The Federal Government on Monday met with the Academic Staff Union of Universities (ASUU) to evaluate the implementation of the Memorandum of Action (MOA) as entered into by both parties.
Speaking to journalists after the meeting, the Minister of Labour and Employment, Chris Ngige, said that the meeting evaluated seven key issues.
He maintained that both parties were satisfied with the implementation stage of what he described as “work in progress,” noting that some of the items in the MOA were nearly done 100 percent within the timeline.
The Minister disclosed that the National Information Technology Development Agency (NITDA) has been directed to expedite action on the integrity test on the University Transparency Accountability Solution (UTAS), which if successful, would eliminate the challenges posed by the peculiarities of the university system to the current payment platform.
He further said that the government has paid the sum of N30 billion as the University Revitalisation Fund as contained in the MOA since January.
According to Ngige, the money is still lodged with the Central Bank of Nigeria pending the conclusion of the audit report of the implementation committee on the use of previous funds disbursement to universities by the Ministry of Education and the National University Commission (NUC).
“The report has been turned in, deliberated upon and both the education ministry and the NUC have promised to write to the Accountant-General of the Federation next week for the release of the money to the NEEDS Special Account for onward disbursement to universities shortly,” he said.
The minister noted that the monies would be paid to successful universities based on the evaluation report of the committee while those with shortcomings would be made to make up before accessing the fund.
He explained that apart from the N40 billion earned allowance which the Federal Government has already paid, the Budget Office of the Federation showed evidence that N22 billion earned allowances for the year 2021 were already captured in the 2021 supplementary budget of the federation, and will soon be accessed.
“On the proliferation of State universities, a bill has been sent to the National Assembly by the NUC to strengthen its arms in terms of delisting universities where funding and other parameters are inadequate. This effort was commended as all the parties agreed that mushrooming and proliferation of state universities, some of which mock the ideals of an ivory tower, should stop.
“The inconsistencies in the IPPIS payment were also discussed. There was good interaction and documents were exchanged between IPPIS and ASUU. ASUU is to go back to its members so that we can have a proper update on the extent of the inconsistencies in payment,” Ngige briefed.
He added, “We expressed our displeasure that these things are happening – amputation of salaries, not-too-clear, foggy things happening over peoples monthly emoluments. So we have asked IPPIS and ASUU to work together over this.”
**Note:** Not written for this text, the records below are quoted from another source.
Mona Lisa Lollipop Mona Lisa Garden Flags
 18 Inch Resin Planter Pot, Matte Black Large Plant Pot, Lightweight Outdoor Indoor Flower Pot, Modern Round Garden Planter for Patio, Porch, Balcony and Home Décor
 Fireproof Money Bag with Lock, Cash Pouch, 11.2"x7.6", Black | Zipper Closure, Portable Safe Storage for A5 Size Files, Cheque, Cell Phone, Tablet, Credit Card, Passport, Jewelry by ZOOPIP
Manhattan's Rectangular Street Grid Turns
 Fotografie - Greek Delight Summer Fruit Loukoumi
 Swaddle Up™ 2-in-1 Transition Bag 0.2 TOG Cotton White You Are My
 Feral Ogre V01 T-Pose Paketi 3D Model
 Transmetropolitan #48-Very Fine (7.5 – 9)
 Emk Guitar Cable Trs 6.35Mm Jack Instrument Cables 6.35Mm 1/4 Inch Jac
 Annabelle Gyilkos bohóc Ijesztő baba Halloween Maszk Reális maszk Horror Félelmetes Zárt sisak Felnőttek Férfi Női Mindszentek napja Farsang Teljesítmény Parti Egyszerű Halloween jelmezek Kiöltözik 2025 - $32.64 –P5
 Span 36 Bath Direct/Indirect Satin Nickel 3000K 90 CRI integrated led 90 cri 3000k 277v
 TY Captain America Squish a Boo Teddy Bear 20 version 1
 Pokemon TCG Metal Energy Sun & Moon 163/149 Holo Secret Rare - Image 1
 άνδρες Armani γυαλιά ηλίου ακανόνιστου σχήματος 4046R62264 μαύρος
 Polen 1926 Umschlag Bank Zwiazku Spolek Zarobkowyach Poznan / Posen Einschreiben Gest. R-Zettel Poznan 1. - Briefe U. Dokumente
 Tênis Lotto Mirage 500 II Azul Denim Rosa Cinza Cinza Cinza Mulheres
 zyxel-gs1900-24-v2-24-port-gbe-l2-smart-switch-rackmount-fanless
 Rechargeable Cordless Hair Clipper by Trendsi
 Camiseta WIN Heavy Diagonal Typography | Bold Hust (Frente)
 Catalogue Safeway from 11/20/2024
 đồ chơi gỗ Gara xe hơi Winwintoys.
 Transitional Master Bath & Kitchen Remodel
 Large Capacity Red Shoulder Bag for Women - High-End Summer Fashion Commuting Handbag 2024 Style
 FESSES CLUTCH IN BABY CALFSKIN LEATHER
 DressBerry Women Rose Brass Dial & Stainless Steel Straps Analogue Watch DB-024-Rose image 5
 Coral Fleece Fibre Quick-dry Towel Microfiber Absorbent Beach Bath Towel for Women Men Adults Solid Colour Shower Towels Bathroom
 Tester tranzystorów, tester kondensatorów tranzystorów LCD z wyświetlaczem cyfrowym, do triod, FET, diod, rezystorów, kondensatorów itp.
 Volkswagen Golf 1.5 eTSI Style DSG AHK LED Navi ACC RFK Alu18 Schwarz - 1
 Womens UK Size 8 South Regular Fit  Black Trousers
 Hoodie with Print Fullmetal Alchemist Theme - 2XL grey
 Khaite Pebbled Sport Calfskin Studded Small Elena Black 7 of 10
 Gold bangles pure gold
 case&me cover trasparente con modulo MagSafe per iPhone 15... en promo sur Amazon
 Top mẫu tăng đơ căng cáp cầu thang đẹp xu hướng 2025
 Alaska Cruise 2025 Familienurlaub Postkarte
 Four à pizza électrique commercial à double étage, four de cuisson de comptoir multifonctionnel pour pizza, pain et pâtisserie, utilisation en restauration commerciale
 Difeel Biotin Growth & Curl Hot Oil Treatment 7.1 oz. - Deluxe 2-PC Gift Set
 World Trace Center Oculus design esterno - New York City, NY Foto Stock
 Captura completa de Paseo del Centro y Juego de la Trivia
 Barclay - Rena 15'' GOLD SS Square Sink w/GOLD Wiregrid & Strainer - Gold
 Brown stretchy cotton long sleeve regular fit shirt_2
The minister said evidence was presented that promotion arrears have been paid to some universities while the Budget Office of the Federation and the Office of the Accountant General of the Federation were asked to liaise with ASUU to sort out the rest.
He stated that that the standing committee on the matter has been expanded to include National Income Salaries and Wages Commission.
“A situation where a university professor is paid N107, 000 out of mistake or over deduction is unacceptable,” Ngige declared.
Commending ASUU, the minister was shocked that the National Association of Resident Doctors (NARD) would embark on another strike after a similar evaluation meeting which he said was successful.
ASUU President, Professor Emmanuel Osodeke, on his part, said the union was fairly satisfied with the outcome and promised that ASUU would reach out to its members.